Profet AI社は2018年に設立された、製造業向けAIプラットフォーム「Profet AI AutoML」を提供する企業だ。Profet AI は台湾企業のみならず、複数の日本企業の台湾現地工場でも導入されているほか、2022年には日本市場向けの販売も開始された。競合ひしめくAIプラットフォームの分野に打って出たProfet AIだが、その強みはどこにあるのだろうか。

Business Development Director のマーク・ウー(Marc Wu)氏は、1つ目の強みとして予測モデルを作成するハードルの低さを挙げる。Profet AIは、データをアップロードすると、プラットフォームにあらかじめセットされているアルゴリズムを用い、自動的に解析してモデルを作成する。結果は複数提示され、その中で最も良いモデルを抽出することが可能だ。モデル抽出までの時間はおおよそ1~2時間程度である。この手軽さは、Profet AIが製造業向けに特化していることで実現されていると同氏は話す。

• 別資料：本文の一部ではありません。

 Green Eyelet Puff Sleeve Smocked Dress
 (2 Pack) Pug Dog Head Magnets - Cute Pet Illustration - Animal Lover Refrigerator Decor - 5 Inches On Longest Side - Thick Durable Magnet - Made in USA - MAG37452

  • Profet AI Business Development Director ののマーク・ウー氏

「ユーザー側にソフトウエアの知識や、データ分析のノウハウは一切いりません。導入企業の約8割は、特別なチューニングなしですぐにProfet AIを使えます」(ウー氏)

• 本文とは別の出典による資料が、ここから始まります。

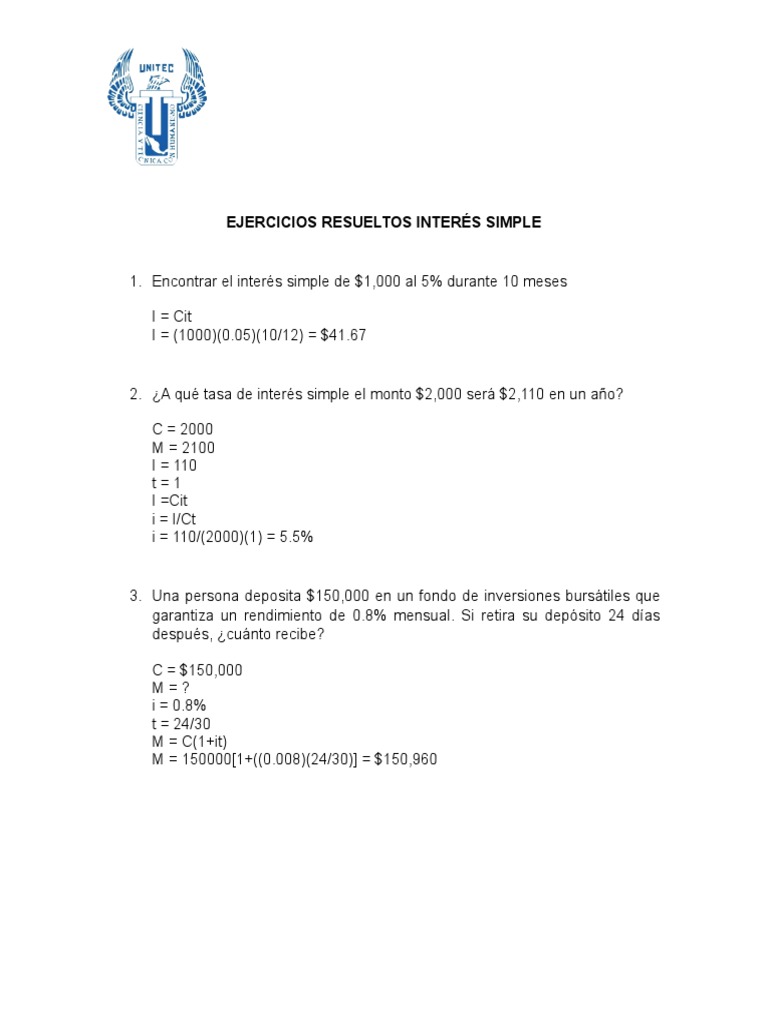 Ejercicios Resueltos de Interés Simple | PDF | Finanzas y dinero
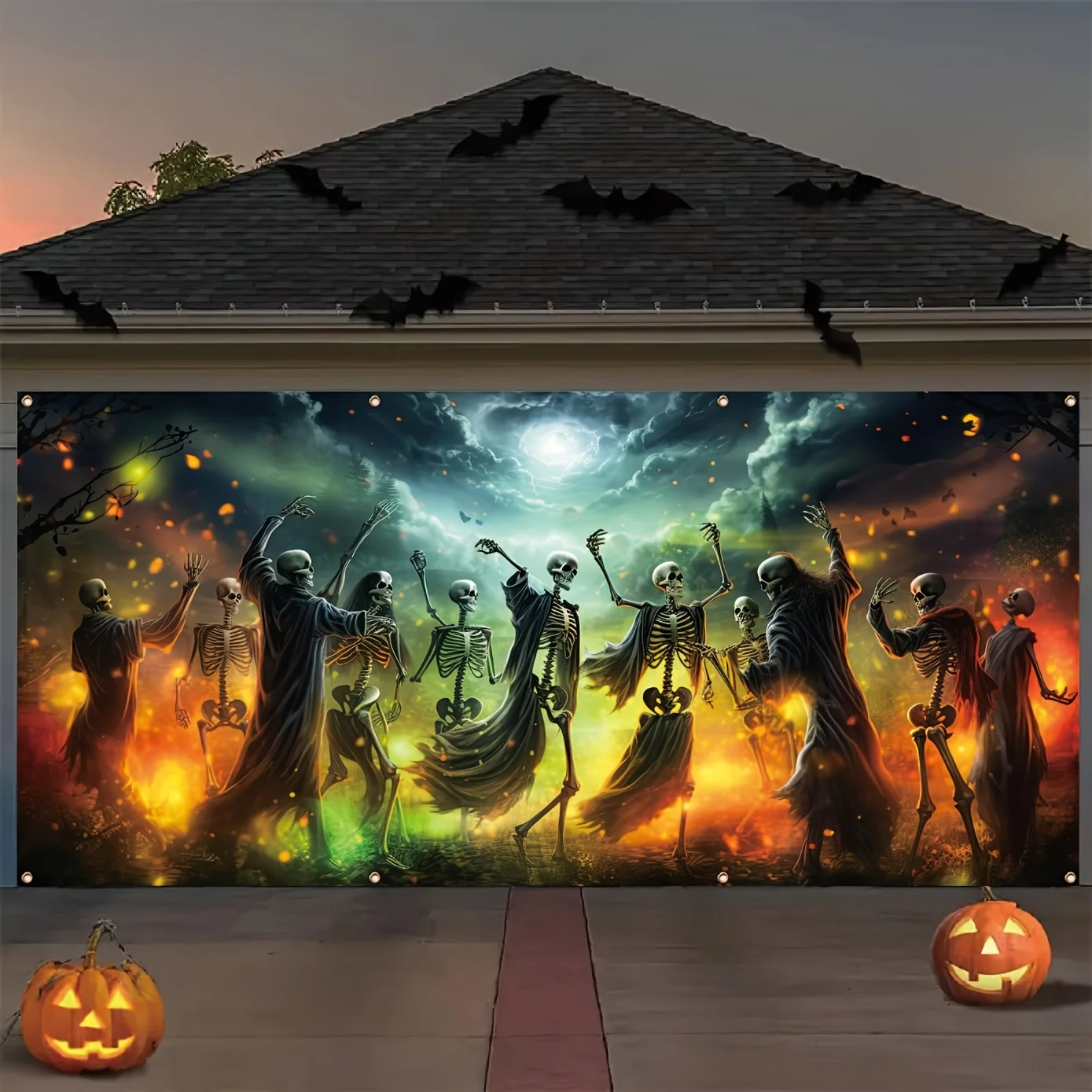 

A fiery spectacle, Halloween Skull Fire Reborn garage banner - a vibrant polyester outdoor wall decoration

生産ラインにおける余剰予測や品質予測、原材料の価格予測、顧客の需要予測などで活用されているほか、社員の離職率予測に用いている例もあるそうだ。

また、2つ目の強みとしてウー氏が挙げたのが、オンプレミスであることだ。同氏によると、製造業の多くは、独自の研究データや顧客データを外部に出したくないという意識が強い 。そのため、社内のみでデータを扱え、データ流出の危険性が少ないオンプレミスが重宝されるという。

3つ目の強みは、価格面での優位性である。Profet AIの費用はユーザーライセンス数によるサブスクリプション制になっており、1つのアカウントを複数人で使用することもできる。1アカウントが日本円で約270万円程度。この価格設定は「台湾でジュニアデータサイエンティストを1人雇う程度の費用よりも安くしている」(ウー氏)のだという。

目標は「2024年に日本市場で売上1億円」

日本市場進出を決めた理由について、ウー氏は「日本はアジアで最も製造業の品質が高い。そこにAIの力をプラスすることで、さらに品質を高めることができるのではと考えた」と語る。2022年に日本市場向けの販売を開始する際、日本語設定を加えたほか、トレーニング用の資料なども全て日本語版を用意した。体制は万全だ。

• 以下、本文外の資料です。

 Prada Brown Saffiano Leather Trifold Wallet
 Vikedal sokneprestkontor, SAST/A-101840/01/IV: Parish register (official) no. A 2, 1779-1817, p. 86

今後の目標は、2024年に日本支社を設立し、同年内に売上1億円を達成することだ。大手企業3社、中小企業10数社に導入が決まれば達成が見込めるという。

一方で、懸念しているのは、日本企業は導入の検討に時間がかかるのではないかという点だ。ウー氏は「他の国の企業はAIを積極的に活用し、どんどんと品質改善をしていっている。日本企業はゆっくりしていては危ないという危機感を持つべきだ」とした上で「もっとオープンなマインドで、外資系企業が持つ最新のテクノロジーを使ってほしい」と、自身の思いを語った。